With that comes the discipline to walk away from the table. He cites Agrium's year-long hostile pursuit of CF Industries, a U.S. fertilizer company at the centre of a four-way battle that one newspaper blog labelled the "Forever War." The fevered bidding went from $3.6-billion (U.S.) to $5.4-billion until, last spring, Agrium exited the scene.

It was but one setback in an acquisition offensive of 15 takeovers in five years. The strategy is to know everything possible about a target company - which managers to retain, which assets to shed - before clinching the deal, and executing quickly.

That played out recently when the company negotiated a $1.1-billion (Australian) friendly takeover of the Australian Wheat Board, owner of Landmark, the country's biggest agri-retailer and a building block coveted by Agrium.

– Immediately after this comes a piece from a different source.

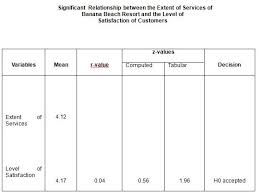 Ceferina hinlo beach resort is a resort in philippines. Http Www Ijstr Org Final Print Aug2018 Banana Beach Resort Services And The Level Of Customer Satisfaction Pdf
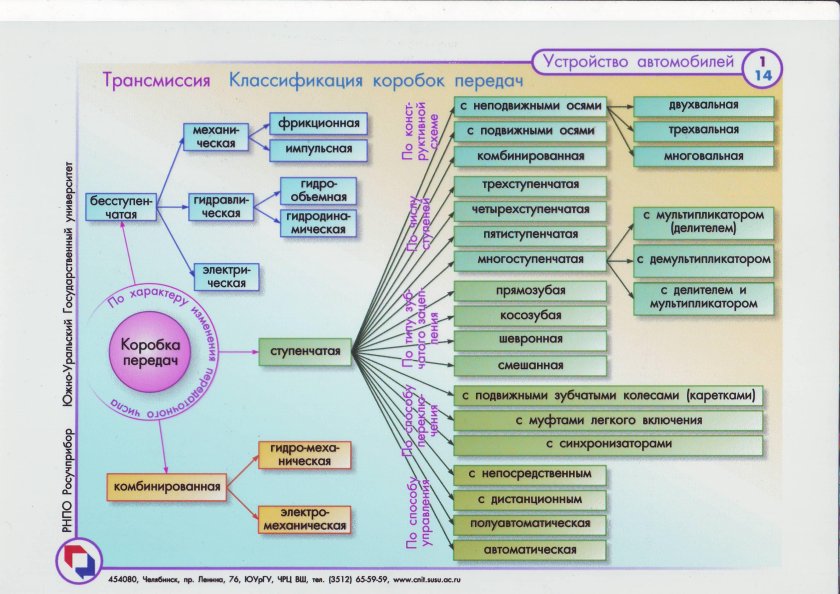Типы и классификация коробок передач.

Eleven days after closing, Agrium sold AWB's grain handling unit to Cargill Inc. "We had the game plan in place and we got a very attractive price," Mr. Wilson says. Now Landmark is touted as a possible bidder for a New Zealand farm services company, PGG Wrightson.

The AWB deal happened about the time Ottawa rejected Australian mining giant BHP Billiton Ltd.'s bid for Potash Corp. of Saskatchewan. Mr. Wilson sensed little backlash in Australia, other than a newspaper cartoon showing him in Mountie uniform riding a moose with AWB saddlebags.

On its own, Ottawa's move does not mean Canada has gone protectionist, he says, but if it happened several times, he might get worried. "I'm a believer in [the]free flow of capital across borders. The government made the decision, it's a unique decision, and it surprised many."

As for BHP's takeover strategy, he would only comment: "We got ours through; they didn't get theirs through."

Another fertilizer player, Mosaic Co., is being spun out of Cargill, creating speculation it is in play. Mosaic says it is not for sale, but Mr. Wilson says it is only natural that if any part of Mosaic became available, Agrium would take a look at it.

Agrium and Mosaic, along with Potash Corp., are partners in Canpotex, Canada's international potash sales agency. Recently Bill Doyle, Potash Corp. CEO, vowed there would not be a runup in potash prices of pre-crash proportions.

But Mr. Wilson is reluctant to make guarantees. "The supply-demand dynamics of the market will dictate where the price goes. And if the Russians took the price of potash up $100 a tonne, I would think our shareholders would be quite angry with us if we said, 'Nah, we'll go up $10 or $15.' "

But he agrees with Mr. Doyle that "you can't take your pricing to the point where you squeeze your customers." Some producers are short-sighted, he says, and prices got ridiculous three years ago.

This time, "it has been a more disciplined rise, and most of it based on supply-demand fundamentals." While crop prices are, in many cases, back to 2008 levels, fertilizer still costs about half as much.

In fact, Mr. Wilson is now confident of Agrium's fortunes in good times and bad. He wishes the previous downturn had lasted longer, because "if the market had stayed crappy for six more months, we would have got CF."

There is a part of Mr. Wilson that actually looks forward to another crappy period. "That's what makes it fun. There is opportunity at the bottom of the cycle if you don't blow your brains out at the top."